If we inspect the overall directionality, the global solution of metric MDS provides a value that is again closer to that of local transformation, compared to PCoA and the square root:
trajectoryDirectionality(D,sites,surveys)
## 1
## 0.8770056
trajectoryDirectionality(sqrtD,sites,surveys)
## 1
## 0.4810576
trajectoryDirectionality(pcoaD,sites,surveys)
## 1
## 0.5927582
trajectoryDirectionality(mmdsD,sites,surveys)
## 1
## 0.7532264
4. Conclusions
In this small study we compared the effect of different solutions to
violation of the triangle inequality. If function is.metric
returns TRUE for a given data set one should not worry about violations
of the triangle inequality. Local solutions are those that imply the
smallest number of changes, but these will not be consistent across
triplets, so users may desire to apply a global transformation that
produces euclidean spaces. This should be done with care.
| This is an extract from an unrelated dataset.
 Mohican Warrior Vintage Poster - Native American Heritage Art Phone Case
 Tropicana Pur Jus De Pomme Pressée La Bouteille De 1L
We have shown
how the square root transformation distorts the angles and overall
directionality of trajectories on the space defined by the percentage
difference (alias Bray-Curtis) dissimilarity index. We suspect that this
negative effect of square root transformation on angles happens no
matter which coefficient is used to derive the initial distance matrix.
Therefore, we advocate for avoiding its use when conducting community
trajectory analysis (in particular for angles). The global
transformation consisting in the application of PCoA with negative
eigenvalue correction is less strong than the square root, but it still
strongly change the angles between segments. Perhaps, the less harmful
global transformation is provided by metric Multidimensional Scaling,
but the need to embed distances in an Euclidean space of all three
transformations implies a stronger requirement than being a metric, and
results in distortions.